シン・ゴジラ
2016-08-07


□ゴジラ会議は踊る!?

 エヴァの庵野監督が監督することが売りの「シン・ゴジラ」を観てきた。
 着ぐるみではなくCGを使ったのは、アニメの延長線上で演出したかったのだと理解できた。ゴジラは、まさにフルアニメーションのように自在に動き、新機軸の背びれから放射する核レーザーも違和感なく美しい。監督が目指したのは、実写映画ではなく、実写に限りなく近いアニメなのだろう。自衛隊の戦車もアニメのように軽く動く。
 物語的には、メインのアイデアとなった灼熱の赤ゴジラをはじめ、過去のゴジラ映画からの引用も多く、あえて新曲を使わず伊福部サウンドで押し通すのも、あざとくもオタクマインドをくすぐる。
 映画としての欠点は、ネットでユーザー批評が「ゴジラ会議」と揶揄しているごとく、会議場面が長いこと。ゴジラの活躍より、怒鳴りあっている人の顔のアップが長いのだ。金のかかる合戦場面を最小にして会話で時間を稼ぐ大河ドラマみたいだ。
 おかげで一緒に行った我がツレアイは、延々と続く会議に飽きて寝こけ、肝心のゴジラの咆哮・大破壊シーンを見損ねたと不満顔。会議場面を半分にすれば大傑作になったであろうに残念。
 怪獣映画に政治性(ポリティカルシミュレーション)はあっても良いが、政治場面はいらない。


禺画像]


 P.S. 東京全域を壊滅させ、最後は、東京駅を寝床に討死(?)するゴジラだが、首相を疎開させる場面はあっても、天皇を避難させる話は出てこない。
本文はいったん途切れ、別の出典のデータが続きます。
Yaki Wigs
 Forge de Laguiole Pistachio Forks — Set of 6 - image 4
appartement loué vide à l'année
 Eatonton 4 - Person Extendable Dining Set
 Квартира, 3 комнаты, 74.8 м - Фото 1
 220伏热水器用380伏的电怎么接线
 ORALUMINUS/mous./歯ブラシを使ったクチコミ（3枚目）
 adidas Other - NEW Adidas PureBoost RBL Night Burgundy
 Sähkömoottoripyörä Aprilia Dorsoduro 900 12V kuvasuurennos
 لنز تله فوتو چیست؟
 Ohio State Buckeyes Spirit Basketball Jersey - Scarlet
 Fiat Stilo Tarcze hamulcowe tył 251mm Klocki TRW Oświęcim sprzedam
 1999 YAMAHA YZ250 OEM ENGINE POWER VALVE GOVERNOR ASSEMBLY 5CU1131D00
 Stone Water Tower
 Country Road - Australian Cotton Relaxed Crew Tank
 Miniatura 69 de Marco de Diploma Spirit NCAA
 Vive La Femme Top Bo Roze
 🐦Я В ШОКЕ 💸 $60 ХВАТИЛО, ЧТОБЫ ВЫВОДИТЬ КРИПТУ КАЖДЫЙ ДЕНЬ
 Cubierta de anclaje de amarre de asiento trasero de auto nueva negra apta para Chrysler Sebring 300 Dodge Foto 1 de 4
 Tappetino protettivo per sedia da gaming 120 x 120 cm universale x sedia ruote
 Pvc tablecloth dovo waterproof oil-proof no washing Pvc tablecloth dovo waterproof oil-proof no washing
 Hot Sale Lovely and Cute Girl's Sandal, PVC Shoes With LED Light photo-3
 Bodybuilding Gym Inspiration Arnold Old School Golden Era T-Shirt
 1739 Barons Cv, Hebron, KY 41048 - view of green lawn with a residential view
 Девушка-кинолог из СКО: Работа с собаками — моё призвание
大災害が東京を見舞えば、当然、象徴天皇の保護も最重要課題となる筈である。国のあり方(国体)に関する疑似政治学的な議論がウリ(?)のこの映画にしては不自然ではないか、被害地域に含まれている筈の皇居炎上の描写もない。
 タブーでもあるのかいな。
 帝都大戦の荒俣宏だったら、現人神が、荒ぶる神ゴジラを祈祷で退散させる場面を入れるんじゃなかろうかと夢想する。